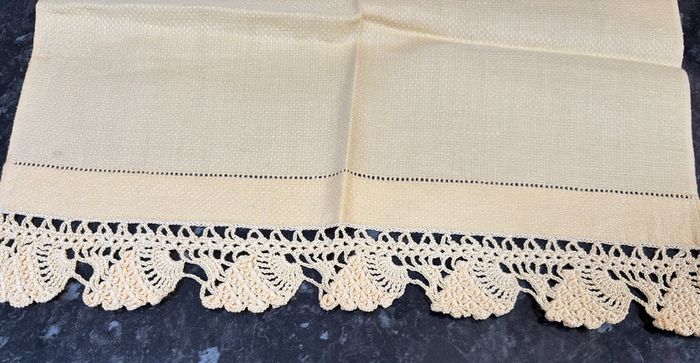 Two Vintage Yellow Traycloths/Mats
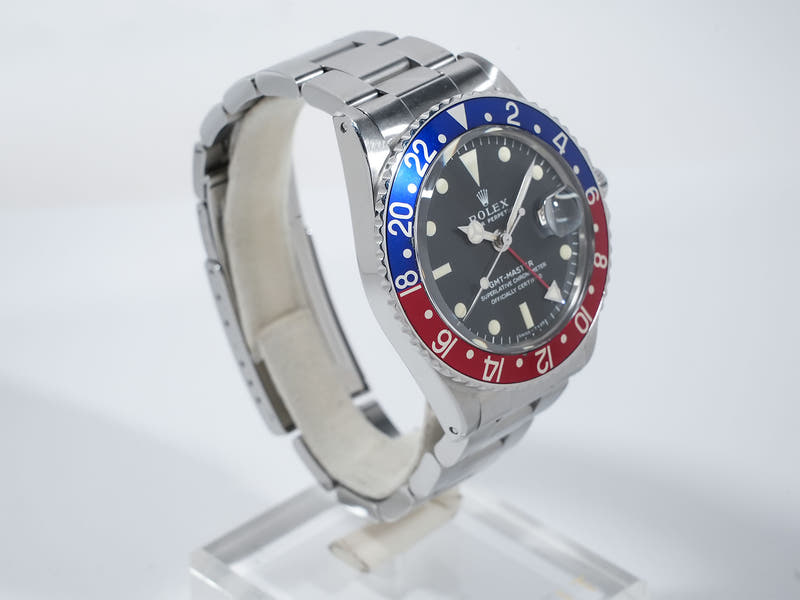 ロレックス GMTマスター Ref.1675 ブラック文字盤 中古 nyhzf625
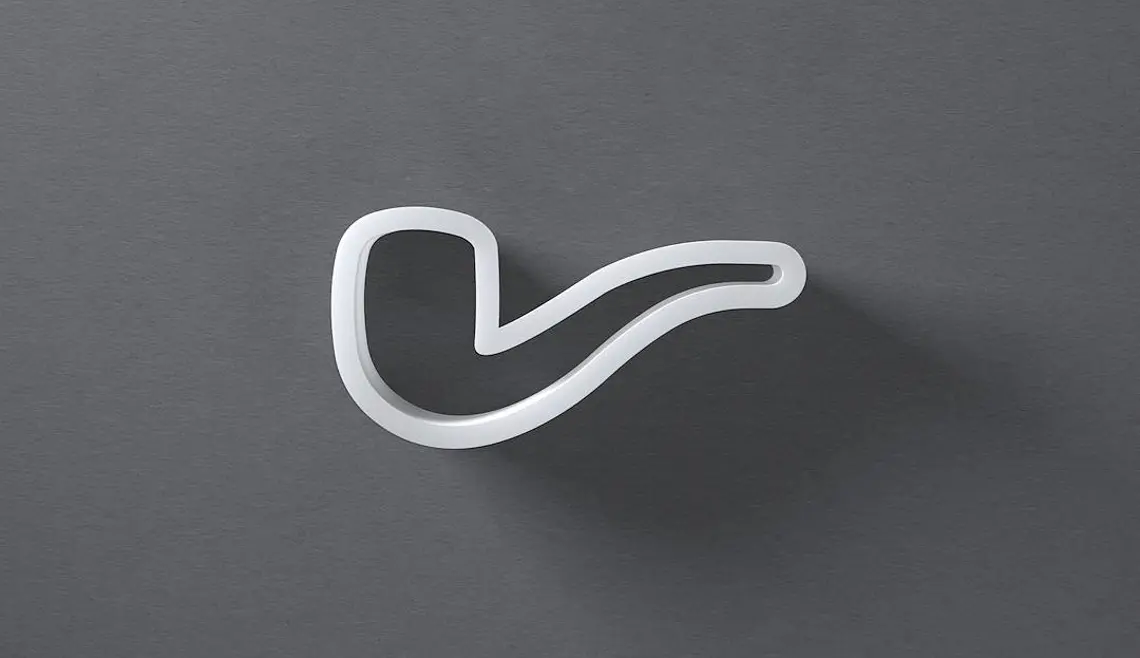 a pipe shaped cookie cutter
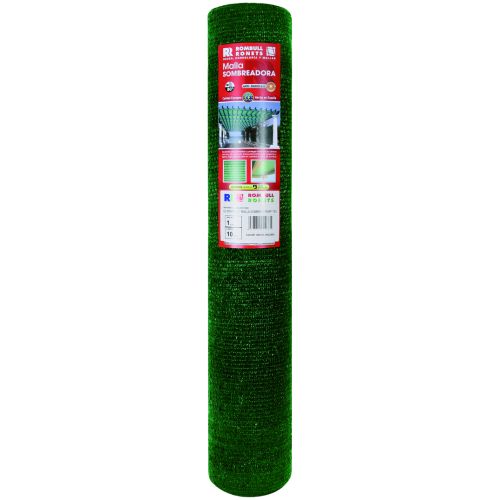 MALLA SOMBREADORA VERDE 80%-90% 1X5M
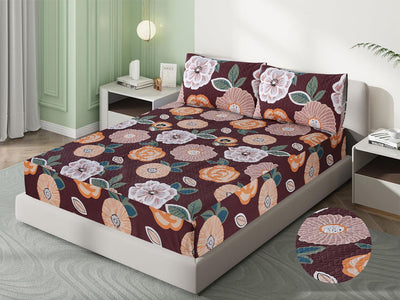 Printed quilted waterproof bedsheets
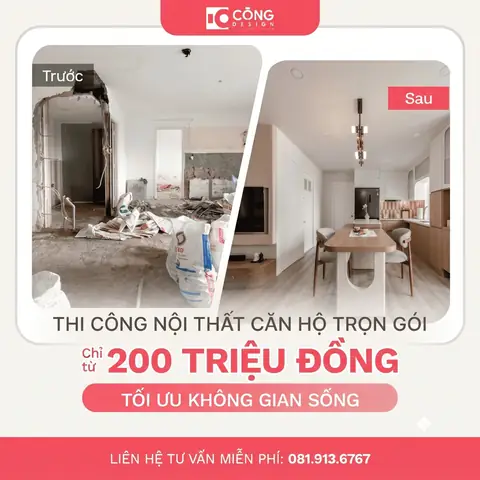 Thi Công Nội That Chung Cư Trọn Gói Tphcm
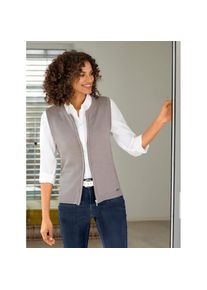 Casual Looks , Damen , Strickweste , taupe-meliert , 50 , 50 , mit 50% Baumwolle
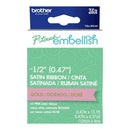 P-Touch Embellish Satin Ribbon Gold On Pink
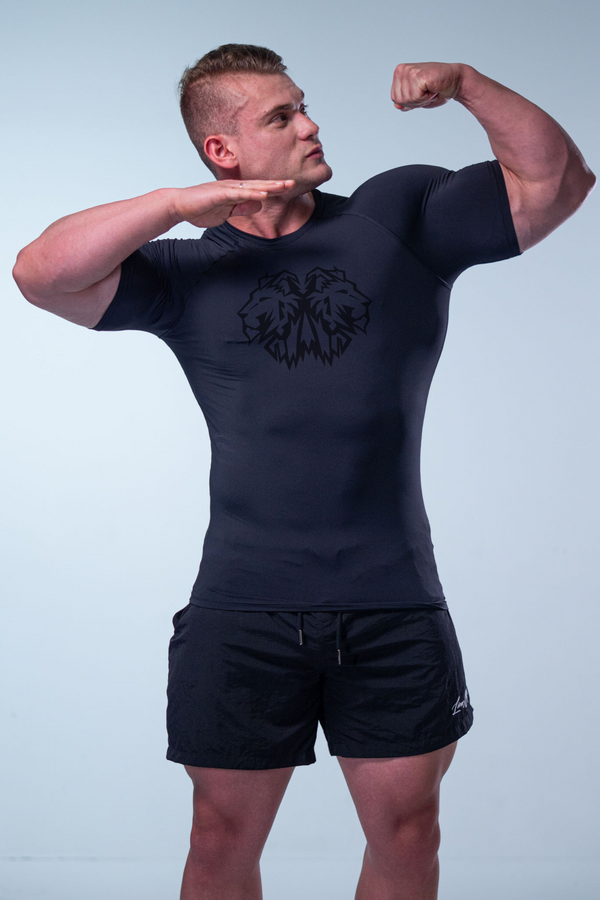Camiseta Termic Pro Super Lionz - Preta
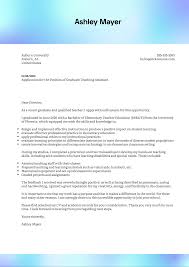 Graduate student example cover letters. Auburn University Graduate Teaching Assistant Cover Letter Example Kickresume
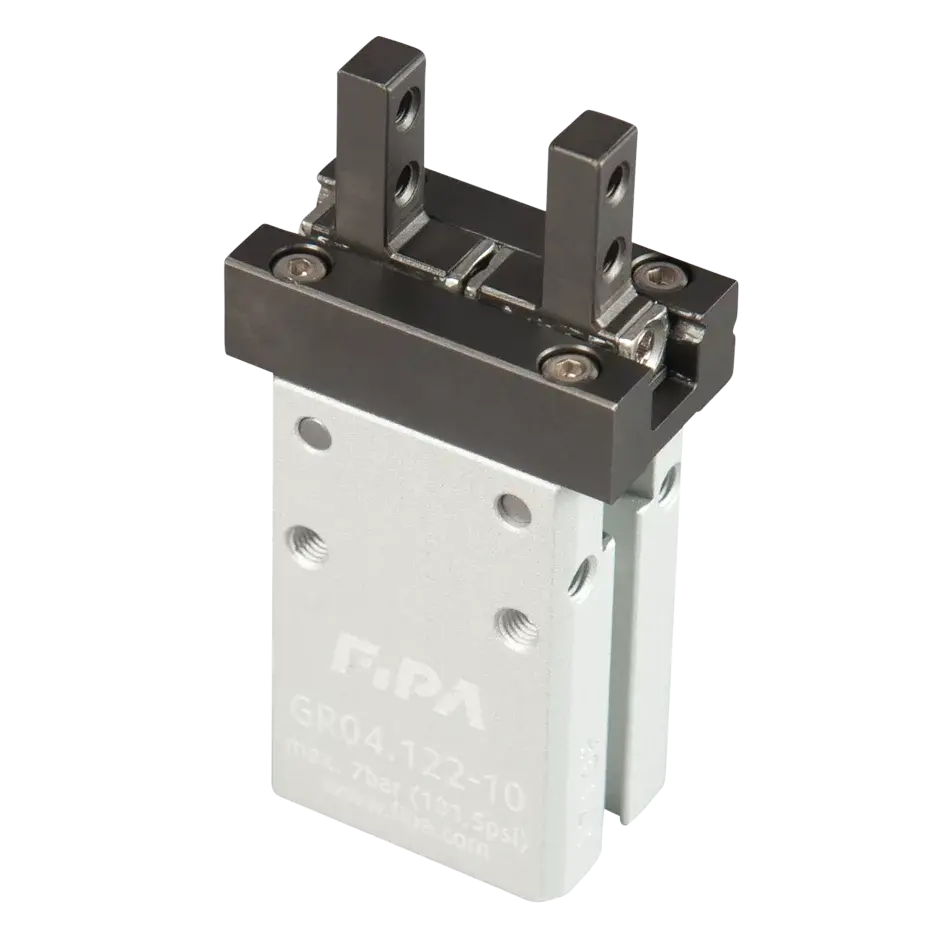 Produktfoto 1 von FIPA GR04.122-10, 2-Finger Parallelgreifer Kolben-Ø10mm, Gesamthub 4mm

*****

Repeat, exactly and only, the lines from the one containing "Camiseta Termic Pro Super Lionz - Preta" through the final line of the data, both ends included, leaving out any picture.

__RESULT OF THIS TASK__.
Camiseta Termic Pro Super Lionz - Preta
 Graduate student example cover letters. Auburn University Graduate Teaching Assistant Cover Letter Example Kickresume
 Produktfoto 1 von FIPA GR04.122-10, 2-Finger Parallelgreifer Kolben-Ø10mm, Gesamthub 4mm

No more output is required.